If publication of cases raises awareness among the general public of the benefit of planning for incapacity, that alone will make it worthwhile. Many people are still unaware of what could happen to their assets if they become incapable of managing them or what the options are in this respect.
In England, the Court of Protection is empowered to make decisions concerning the property and finances, and welfare and healthcare, of adults who lack capacity. However, adults can plan for who should take responsibility for their finances in these circumstances by making Lasting Powers of Attorney, naming attorneys of their choosing to make these decisions on their behalf. Where Lasting Powers of Attorney are in place, the Court will only intervene if the choice of attorney is disputed on registration based on a set list of objections or if, after registration, anyone raises concerns about the attorneys’ performance with the Office of the Public Guardian, which may refer the matter on to the Court.
Adults who do not make Lasting Powers should understand that they may have no say in who looks after their finances following incapacity – the Court of Protection will decide who gets to act as ‘deputy’. That’s why cases such as that of Re BM ( EWCOP B20) are interesting because they demonstrate how the Court will go about choosing who gets to act as deputy in less than clear-cut cases.
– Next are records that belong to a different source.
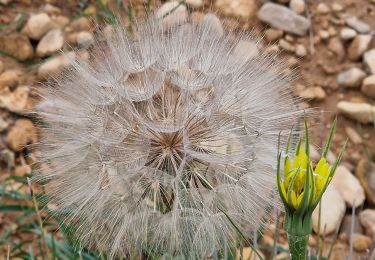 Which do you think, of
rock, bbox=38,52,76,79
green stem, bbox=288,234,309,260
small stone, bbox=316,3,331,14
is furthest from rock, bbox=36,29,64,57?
green stem, bbox=288,234,309,260

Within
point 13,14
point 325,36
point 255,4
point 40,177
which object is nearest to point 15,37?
point 13,14

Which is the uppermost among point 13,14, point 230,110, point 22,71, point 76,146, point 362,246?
point 13,14

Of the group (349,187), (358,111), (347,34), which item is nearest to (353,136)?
(358,111)

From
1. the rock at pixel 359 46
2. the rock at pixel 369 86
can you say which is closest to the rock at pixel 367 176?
the rock at pixel 369 86

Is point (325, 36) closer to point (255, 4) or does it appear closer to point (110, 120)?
point (255, 4)

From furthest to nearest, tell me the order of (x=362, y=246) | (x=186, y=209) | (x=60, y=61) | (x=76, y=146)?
1. (x=60, y=61)
2. (x=362, y=246)
3. (x=76, y=146)
4. (x=186, y=209)

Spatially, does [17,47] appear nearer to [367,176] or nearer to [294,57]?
[294,57] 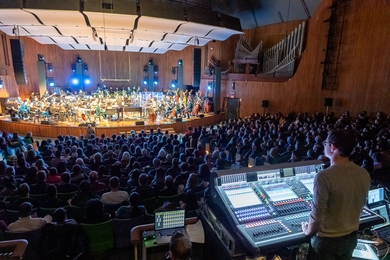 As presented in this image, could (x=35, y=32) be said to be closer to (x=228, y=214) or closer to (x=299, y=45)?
(x=299, y=45)

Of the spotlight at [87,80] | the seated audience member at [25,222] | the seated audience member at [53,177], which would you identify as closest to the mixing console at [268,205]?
the seated audience member at [25,222]

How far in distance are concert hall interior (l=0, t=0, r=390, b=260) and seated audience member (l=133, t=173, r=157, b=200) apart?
174 mm

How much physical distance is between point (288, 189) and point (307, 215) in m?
0.25

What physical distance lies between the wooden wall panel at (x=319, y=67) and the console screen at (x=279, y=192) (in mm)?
8622

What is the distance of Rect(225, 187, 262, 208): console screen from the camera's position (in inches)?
78.6

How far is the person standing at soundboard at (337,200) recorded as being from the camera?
1.69m

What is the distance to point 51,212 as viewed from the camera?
139 inches

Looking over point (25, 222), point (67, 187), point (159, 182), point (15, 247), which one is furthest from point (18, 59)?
point (15, 247)

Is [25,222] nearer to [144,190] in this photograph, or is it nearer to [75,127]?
[144,190]

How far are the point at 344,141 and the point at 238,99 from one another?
44.4ft

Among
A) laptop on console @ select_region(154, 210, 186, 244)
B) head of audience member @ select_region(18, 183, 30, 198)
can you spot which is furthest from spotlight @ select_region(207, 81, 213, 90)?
laptop on console @ select_region(154, 210, 186, 244)

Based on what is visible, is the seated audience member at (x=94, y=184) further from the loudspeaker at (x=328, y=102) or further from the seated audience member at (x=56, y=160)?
the loudspeaker at (x=328, y=102)

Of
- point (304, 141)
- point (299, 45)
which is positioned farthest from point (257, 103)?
point (304, 141)

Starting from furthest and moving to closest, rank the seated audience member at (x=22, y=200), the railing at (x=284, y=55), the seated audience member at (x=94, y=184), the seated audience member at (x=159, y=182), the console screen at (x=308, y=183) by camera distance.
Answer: the railing at (x=284, y=55)
the seated audience member at (x=94, y=184)
the seated audience member at (x=159, y=182)
the seated audience member at (x=22, y=200)
the console screen at (x=308, y=183) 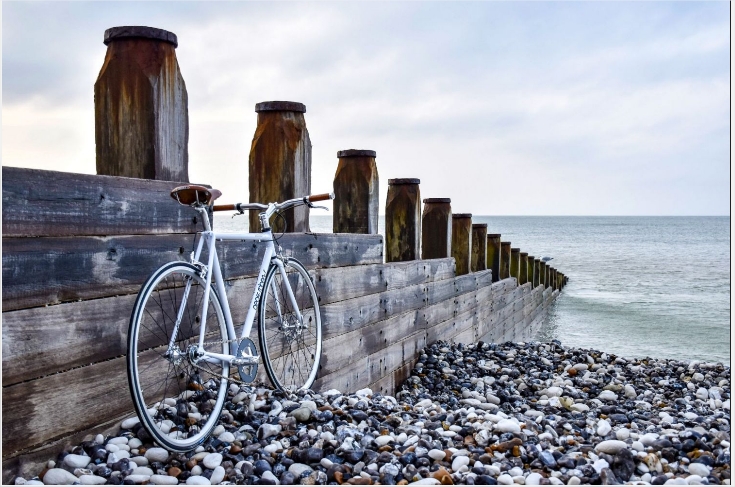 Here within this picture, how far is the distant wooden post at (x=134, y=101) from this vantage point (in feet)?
11.6

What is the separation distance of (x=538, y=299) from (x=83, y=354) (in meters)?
15.0

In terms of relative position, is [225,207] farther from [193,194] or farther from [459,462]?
[459,462]

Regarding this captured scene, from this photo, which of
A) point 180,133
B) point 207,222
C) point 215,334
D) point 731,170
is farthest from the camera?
point 731,170

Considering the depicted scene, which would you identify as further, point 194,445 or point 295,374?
point 295,374

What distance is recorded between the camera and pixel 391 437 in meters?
3.52

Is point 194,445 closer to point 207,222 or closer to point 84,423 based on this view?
point 84,423

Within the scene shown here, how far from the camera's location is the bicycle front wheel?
4461mm

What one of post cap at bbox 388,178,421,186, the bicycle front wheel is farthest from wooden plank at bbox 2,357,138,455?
post cap at bbox 388,178,421,186

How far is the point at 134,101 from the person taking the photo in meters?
3.55

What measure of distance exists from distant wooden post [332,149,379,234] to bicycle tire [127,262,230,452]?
2358 mm

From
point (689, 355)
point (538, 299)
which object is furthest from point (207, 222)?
point (538, 299)

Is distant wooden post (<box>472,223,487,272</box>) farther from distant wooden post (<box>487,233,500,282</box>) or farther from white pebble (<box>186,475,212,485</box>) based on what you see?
white pebble (<box>186,475,212,485</box>)

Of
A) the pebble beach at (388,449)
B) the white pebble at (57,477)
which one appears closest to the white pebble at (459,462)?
the pebble beach at (388,449)

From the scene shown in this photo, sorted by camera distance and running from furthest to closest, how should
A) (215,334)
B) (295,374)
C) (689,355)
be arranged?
1. (689,355)
2. (295,374)
3. (215,334) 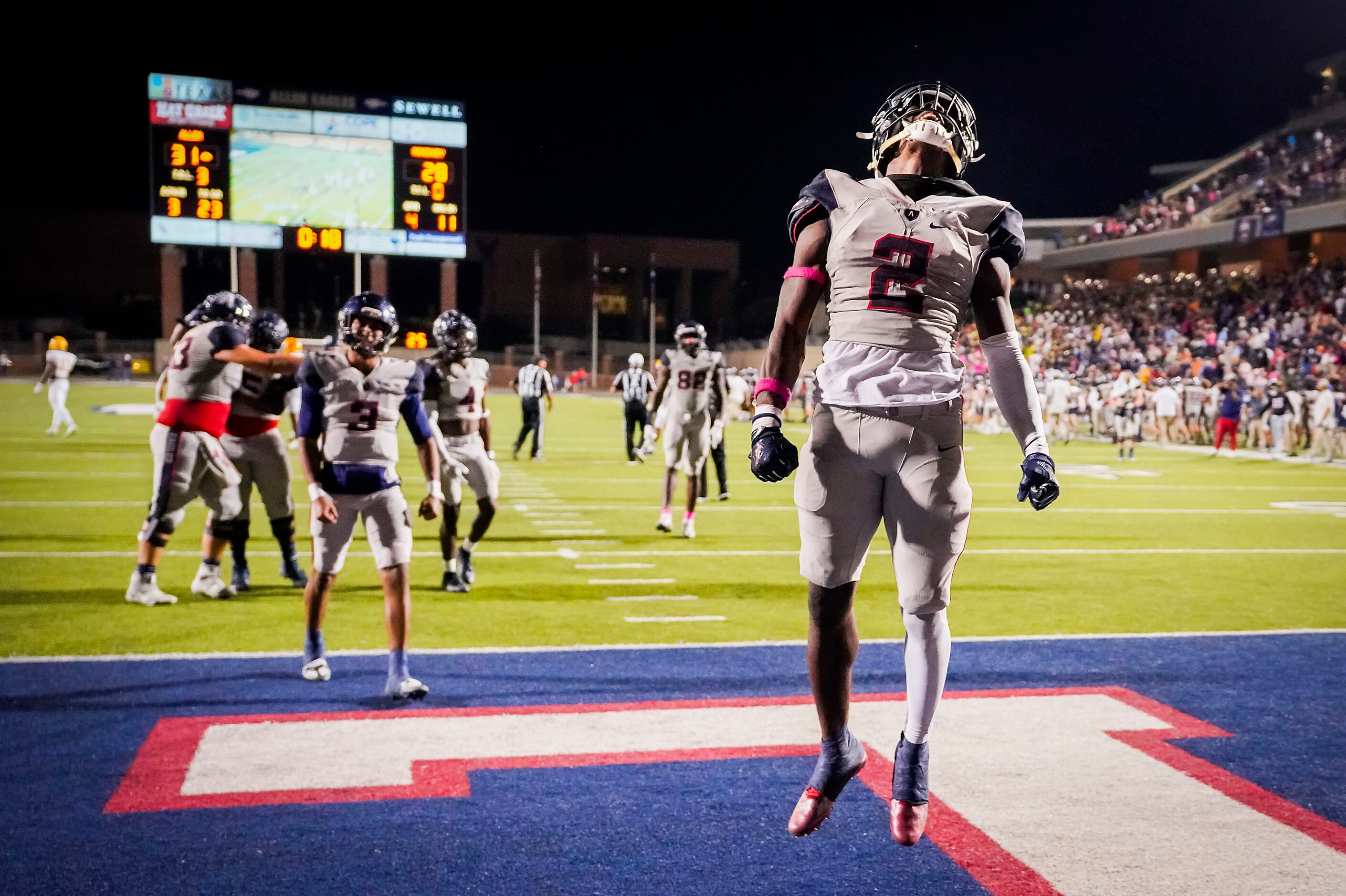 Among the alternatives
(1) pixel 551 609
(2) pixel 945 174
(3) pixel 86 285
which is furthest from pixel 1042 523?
(3) pixel 86 285

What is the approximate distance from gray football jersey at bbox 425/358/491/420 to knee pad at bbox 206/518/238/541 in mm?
1607

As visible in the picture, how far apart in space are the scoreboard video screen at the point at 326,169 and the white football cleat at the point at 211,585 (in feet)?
75.6

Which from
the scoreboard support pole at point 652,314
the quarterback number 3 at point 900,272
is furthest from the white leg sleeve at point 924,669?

In Re BM, the incapacitated adult (BM) had no close family – just half-siblings that he had no significant contact with. BM suffered an aneurysm and lost capacity suddenly. With no Lasting Power in place, two individuals stepped forward to act as his deputy: the pastor in whose church BM had worshipped and a cousin of the half-blood, who opposed the minister’s appointment. In essence, as the judge noted, this was a battle between BM’s ‘two different support networks’.
The judgment confirms that the Court prefers family members to act as deputies wherever possible:
“… traditionally the court has preferred to appoint a relative or friend as deputy (if it is satisfied that it is in P’s [the incapacitated adult’s] best interests to do so), rather than appoint a complete stranger. This is because a relative or friend is usually familiar with P’s affairs and aware of their wishes and feelings. Someone with a close personal knowledge of P is also likely to be in a better position to meet the obligation of a deputy to consult with P, and to permit and encourage them to participate, or to improve their ability to participate, as fully as possible in any act or decision affecting them. And, because professionals charge for their services, the appointment of a relative or friend is preferred for reasons of economy.”
However, the judge then proceeds to give helpful guidance on when family members or friends are not likely to be appointed, and noted that:
“No one has an automatic right to be appointed as deputy. The Court of Protection has a discretion as to whom it appoints …”
So who won? Well, the fact that the person named as executrix in BM’s last will, executed some seven years prior to his incapacity, favoured the half-cousin’s appointment carried some weight with the Court and the half-cousin got the job.
Unfortunately BM’s own wishes as to his choice of deputy were unascertainable. However, the matter may not have ended up in court (and published for all the world to see, albeit in an anonymised form – on this occasion) if he had used a Lasting Power to demonstrate unequivocally which candidate he favoured.